Originally posted here.
I’ve been thinking a lot lately about how the Archives Unleashed Toolkit is a great finding aid utility for web archive collections, and should be in the toolbox for any web archivist.
So, a finding aid. How could we create a finding aid for a web archive collection with relatively minimal labour?
The Society of American Archivists define a finding aid as:
A tool that facilitates discovery of information within a collection of records.
A description of records that gives the repository physical and intellectual control over the materials and that assists users to gain access to and understand the materials.
What are current practices? Generally speaking, most web archive collections from institutions such as national libraries, government organizations, or universities will have a set of descriptive metadata about a collection. This is often framed around Dublin Core, and is arguably a “minimal finding aid.” It is useful, and usually what can be done given time, budget, and labour constraints.
With the Archives Unleashed Toolkit, we can create a more robust finding aid. But, what should it be? Currently, we have four sets of what we’ve called scholarly derivatives of web archives that are produced with the Archives Unleashed Cloud. With each of the derivatives, we also provide extensive tutorials that walk through use cases for scholarly analysis.

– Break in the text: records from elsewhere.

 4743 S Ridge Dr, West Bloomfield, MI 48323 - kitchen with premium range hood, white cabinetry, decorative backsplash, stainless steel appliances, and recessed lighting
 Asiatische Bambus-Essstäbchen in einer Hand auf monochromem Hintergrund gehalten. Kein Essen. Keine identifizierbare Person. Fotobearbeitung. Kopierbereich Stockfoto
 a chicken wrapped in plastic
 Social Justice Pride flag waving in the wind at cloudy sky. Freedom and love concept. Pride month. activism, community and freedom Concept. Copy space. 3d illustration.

We provide a txt file, that’s comma delimited (basically a CSV file 😄). Each website within the web archive collection will have its full text presented on one line, along with information around when it was crawled, the name of the domain, and the full URL of the content
|Sample full-text aut output|
|Sample full-urls aut output|
Text by Domain
We provide a ZIP file containing ten text files (see Full Text derivative above) corresponding to the full-text of the top ten domains.

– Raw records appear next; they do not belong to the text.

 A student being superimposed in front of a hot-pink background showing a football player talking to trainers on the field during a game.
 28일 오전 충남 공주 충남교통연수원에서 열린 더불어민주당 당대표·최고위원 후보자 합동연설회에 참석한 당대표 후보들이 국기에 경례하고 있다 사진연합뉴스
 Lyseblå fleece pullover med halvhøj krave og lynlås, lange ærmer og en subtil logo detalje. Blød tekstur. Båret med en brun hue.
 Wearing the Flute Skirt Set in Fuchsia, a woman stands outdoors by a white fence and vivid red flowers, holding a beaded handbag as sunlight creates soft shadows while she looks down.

|Sample extracted filtered-text.zip output|
Gephi & Raw Network Files:
Two different network files (described below) are also provided. These files are useful to discovering how websites link to each other.
Gephi file, which can be loaded into Gephi. It will have basic characteristics already computed and a basic layout.
Raw Network file, which can also be loaded into Gephi. You will have to use the network program to lay it out yourself.
|Hyperlink Diagram of University of Victoria’s Anarchist Archives collection|
In addition to the set of scholarly derivatives the toolkit can produce, we have also improved and expanded upon our DataFrame implementation in the most recent release of the Archives Unleashed Toolkit. If you’re familiar with CSV files, then you’ll be right at home with DataFrames!
You can now produce a variety of DataFrames of a web archive collection with the toolkit, that can be exported directly to CSV files.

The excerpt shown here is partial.